- _Task objective_
Set down, please, without alteration, the lines of the entries below from the first through the one containing "Medium bunk bed".

- _The data_
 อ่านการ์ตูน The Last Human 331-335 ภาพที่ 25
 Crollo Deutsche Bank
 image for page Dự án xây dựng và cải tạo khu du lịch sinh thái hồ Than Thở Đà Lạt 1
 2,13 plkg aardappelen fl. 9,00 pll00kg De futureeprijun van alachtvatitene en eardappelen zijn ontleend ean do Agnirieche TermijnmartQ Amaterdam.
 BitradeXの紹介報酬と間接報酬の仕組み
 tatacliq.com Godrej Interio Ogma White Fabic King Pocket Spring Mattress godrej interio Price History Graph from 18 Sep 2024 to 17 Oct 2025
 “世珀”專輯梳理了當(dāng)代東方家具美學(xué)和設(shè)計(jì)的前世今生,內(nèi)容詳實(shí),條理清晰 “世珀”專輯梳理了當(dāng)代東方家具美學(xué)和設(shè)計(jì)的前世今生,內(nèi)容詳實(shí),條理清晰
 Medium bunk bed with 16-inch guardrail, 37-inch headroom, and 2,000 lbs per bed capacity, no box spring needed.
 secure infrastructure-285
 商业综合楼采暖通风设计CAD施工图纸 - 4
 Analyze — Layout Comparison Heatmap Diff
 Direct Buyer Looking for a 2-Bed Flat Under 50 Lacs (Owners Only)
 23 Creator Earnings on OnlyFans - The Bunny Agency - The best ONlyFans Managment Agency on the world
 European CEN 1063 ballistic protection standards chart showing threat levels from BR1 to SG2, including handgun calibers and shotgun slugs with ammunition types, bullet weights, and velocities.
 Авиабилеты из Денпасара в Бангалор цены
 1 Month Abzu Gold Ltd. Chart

- _Response box_
 อ่านการ์ตูน The Last Human 331-335 ภาพที่ 25
 Crollo Deutsche Bank
 image for page Dự án xây dựng và cải tạo khu du lịch sinh thái hồ Than Thở Đà Lạt 1
 2,13 plkg aardappelen fl. 9,00 pll00kg De futureeprijun van alachtvatitene en eardappelen zijn ontleend ean do Agnirieche TermijnmartQ Amaterdam.
 BitradeXの紹介報酬と間接報酬の仕組み
 tatacliq.com Godrej Interio Ogma White Fabic King Pocket Spring Mattress godrej interio Price History Graph from 18 Sep 2024 to 17 Oct 2025
 “世珀”專輯梳理了當(dāng)代東方家具美學(xué)和設(shè)計(jì)的前世今生,內(nèi)容詳實(shí),條理清晰 “世珀”專輯梳理了當(dāng)代東方家具美學(xué)和設(shè)計(jì)的前世今生,內(nèi)容詳實(shí),條理清晰
 Medium bunk bed with 16-inch guardrail, 37-inch headroom, and 2,000 lbs per bed capacity, no box spring needed.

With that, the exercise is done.